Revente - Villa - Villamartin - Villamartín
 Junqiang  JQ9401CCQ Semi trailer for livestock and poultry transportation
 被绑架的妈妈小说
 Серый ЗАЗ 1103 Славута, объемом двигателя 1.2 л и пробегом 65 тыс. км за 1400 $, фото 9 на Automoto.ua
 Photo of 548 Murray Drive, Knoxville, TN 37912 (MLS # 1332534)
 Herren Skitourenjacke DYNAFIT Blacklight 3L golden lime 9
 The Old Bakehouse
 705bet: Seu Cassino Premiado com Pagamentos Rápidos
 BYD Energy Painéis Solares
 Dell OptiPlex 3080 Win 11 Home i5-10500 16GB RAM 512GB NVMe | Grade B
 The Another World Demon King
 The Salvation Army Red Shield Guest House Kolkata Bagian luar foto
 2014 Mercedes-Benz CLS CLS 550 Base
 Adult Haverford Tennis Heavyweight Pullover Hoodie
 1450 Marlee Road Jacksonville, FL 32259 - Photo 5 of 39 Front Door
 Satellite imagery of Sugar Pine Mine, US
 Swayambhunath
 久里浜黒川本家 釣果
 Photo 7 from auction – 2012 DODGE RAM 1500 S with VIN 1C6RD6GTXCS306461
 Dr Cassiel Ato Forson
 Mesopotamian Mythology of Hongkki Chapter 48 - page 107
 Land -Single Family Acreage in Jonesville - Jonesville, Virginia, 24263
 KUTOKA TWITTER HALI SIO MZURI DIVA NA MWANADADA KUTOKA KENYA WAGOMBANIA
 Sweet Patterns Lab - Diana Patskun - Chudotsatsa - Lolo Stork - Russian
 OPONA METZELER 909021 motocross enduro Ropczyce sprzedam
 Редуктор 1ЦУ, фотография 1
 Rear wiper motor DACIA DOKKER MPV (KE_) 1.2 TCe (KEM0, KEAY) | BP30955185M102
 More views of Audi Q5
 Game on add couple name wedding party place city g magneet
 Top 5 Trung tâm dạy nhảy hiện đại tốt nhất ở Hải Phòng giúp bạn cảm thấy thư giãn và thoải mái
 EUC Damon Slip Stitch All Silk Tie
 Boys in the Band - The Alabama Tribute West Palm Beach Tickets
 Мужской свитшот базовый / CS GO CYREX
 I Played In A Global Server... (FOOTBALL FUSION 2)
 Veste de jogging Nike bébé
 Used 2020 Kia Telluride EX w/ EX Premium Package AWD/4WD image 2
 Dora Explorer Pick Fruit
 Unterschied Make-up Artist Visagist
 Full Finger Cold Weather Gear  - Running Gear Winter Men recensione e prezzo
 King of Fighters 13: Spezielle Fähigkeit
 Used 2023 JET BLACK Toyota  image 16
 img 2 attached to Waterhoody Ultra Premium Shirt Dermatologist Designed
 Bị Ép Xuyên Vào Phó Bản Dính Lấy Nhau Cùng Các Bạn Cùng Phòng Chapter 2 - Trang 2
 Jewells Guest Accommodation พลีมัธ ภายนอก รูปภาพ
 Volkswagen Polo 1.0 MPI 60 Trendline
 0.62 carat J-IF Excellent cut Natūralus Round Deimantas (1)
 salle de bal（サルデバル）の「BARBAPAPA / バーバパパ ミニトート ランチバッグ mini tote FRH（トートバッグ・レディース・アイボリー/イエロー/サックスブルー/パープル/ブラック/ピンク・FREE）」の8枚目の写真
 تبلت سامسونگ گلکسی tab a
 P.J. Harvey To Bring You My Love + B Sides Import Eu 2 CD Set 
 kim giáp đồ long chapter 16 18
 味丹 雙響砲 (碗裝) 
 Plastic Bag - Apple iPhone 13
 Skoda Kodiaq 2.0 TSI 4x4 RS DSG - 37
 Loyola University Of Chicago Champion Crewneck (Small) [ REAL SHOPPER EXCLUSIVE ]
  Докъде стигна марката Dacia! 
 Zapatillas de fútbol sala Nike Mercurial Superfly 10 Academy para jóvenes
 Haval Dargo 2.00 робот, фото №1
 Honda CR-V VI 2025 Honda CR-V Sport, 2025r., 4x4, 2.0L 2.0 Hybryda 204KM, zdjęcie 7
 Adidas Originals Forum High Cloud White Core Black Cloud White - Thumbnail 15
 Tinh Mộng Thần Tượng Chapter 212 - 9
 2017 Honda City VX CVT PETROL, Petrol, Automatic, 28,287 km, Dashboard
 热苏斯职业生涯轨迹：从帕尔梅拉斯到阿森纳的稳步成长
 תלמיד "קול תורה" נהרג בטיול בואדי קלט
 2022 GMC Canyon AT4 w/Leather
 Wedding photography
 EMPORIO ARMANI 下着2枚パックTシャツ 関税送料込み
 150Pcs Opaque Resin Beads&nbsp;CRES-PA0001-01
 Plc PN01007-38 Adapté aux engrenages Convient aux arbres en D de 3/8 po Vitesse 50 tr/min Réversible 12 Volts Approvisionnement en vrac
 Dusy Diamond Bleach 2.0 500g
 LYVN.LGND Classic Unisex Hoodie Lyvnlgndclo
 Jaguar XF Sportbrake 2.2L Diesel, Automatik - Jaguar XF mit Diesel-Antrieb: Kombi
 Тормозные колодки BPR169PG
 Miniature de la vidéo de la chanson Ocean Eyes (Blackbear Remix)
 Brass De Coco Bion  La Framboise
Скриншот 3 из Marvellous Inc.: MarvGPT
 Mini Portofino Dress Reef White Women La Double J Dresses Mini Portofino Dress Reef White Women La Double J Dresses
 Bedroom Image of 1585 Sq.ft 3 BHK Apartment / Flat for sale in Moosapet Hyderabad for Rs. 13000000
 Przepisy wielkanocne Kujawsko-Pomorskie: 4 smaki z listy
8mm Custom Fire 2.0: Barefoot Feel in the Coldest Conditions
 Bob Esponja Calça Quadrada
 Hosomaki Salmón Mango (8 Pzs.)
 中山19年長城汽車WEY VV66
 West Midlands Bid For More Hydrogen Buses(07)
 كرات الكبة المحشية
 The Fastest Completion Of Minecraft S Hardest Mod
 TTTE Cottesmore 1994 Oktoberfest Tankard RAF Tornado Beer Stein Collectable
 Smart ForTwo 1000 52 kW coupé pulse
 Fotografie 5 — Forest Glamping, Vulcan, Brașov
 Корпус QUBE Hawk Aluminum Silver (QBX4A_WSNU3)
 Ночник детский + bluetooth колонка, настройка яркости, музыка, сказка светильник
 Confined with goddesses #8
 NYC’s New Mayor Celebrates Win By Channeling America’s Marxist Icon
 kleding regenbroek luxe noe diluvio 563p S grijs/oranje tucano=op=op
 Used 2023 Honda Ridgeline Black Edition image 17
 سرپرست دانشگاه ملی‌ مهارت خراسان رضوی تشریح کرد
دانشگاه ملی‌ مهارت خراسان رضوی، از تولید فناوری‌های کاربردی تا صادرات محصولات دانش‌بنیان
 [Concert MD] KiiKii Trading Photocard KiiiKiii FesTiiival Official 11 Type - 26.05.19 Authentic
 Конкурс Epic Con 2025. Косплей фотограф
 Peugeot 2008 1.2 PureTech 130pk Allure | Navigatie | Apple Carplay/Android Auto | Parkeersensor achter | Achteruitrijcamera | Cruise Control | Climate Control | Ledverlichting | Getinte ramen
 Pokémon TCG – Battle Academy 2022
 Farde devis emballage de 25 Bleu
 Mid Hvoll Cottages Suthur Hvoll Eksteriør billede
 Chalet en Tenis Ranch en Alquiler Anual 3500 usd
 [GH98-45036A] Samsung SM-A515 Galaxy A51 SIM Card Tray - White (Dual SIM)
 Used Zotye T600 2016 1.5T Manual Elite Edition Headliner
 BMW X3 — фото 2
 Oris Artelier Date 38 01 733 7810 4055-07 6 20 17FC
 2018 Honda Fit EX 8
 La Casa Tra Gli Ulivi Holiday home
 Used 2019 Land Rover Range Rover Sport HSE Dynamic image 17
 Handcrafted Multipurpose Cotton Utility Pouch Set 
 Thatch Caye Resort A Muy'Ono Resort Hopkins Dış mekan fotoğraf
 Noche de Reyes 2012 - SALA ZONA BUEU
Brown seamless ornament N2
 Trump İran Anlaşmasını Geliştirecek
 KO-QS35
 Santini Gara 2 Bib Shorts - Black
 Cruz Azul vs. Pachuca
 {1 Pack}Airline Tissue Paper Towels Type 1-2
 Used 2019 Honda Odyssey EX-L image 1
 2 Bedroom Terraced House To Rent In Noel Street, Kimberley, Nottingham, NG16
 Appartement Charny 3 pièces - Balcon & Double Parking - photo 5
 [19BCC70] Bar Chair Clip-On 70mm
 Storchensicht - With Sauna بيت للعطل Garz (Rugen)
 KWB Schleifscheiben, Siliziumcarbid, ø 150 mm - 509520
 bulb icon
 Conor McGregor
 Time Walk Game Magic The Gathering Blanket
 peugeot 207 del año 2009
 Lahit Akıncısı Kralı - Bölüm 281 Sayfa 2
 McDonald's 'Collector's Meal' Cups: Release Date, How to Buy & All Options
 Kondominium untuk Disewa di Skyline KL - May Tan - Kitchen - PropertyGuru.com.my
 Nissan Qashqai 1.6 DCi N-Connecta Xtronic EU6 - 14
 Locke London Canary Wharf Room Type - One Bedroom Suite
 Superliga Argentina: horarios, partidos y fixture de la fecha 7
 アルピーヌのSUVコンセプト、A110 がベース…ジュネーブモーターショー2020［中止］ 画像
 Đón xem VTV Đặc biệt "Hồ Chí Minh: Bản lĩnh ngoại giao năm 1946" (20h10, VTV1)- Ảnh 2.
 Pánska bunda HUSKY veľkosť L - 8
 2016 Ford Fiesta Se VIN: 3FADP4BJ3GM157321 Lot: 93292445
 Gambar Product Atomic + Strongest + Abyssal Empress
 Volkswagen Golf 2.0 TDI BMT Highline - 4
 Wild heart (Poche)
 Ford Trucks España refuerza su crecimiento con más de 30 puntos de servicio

* ASSIGNMENT
Starting at the line above that holds "kim giáp đồ long chapter 16 18" and ending at the line that holds "热苏斯职业生涯轨迹：从帕尔梅拉斯到阿森纳的稳步成长", transcribe each line exactly and include no other lines.

* EXERCISE RESPONSE
 kim giáp đồ long chapter 16 18
 味丹 雙響砲 (碗裝) 
 Plastic Bag - Apple iPhone 13
 Skoda Kodiaq 2.0 TSI 4x4 RS DSG - 37
 Loyola University Of Chicago Champion Crewneck (Small) [ REAL SHOPPER EXCLUSIVE ]
  Докъде стигна марката Dacia! 
 Zapatillas de fútbol sala Nike Mercurial Superfly 10 Academy para jóvenes
 Haval Dargo 2.00 робот, фото №1
 Honda CR-V VI 2025 Honda CR-V Sport, 2025r., 4x4, 2.0L 2.0 Hybryda 204KM, zdjęcie 7
 Adidas Originals Forum High Cloud White Core Black Cloud White - Thumbnail 15
 Tinh Mộng Thần Tượng Chapter 212 - 9
 2017 Honda City VX CVT PETROL, Petrol, Automatic, 28,287 km, Dashboard
 热苏斯职业生涯轨迹：从帕尔梅拉斯到阿森纳的稳步成长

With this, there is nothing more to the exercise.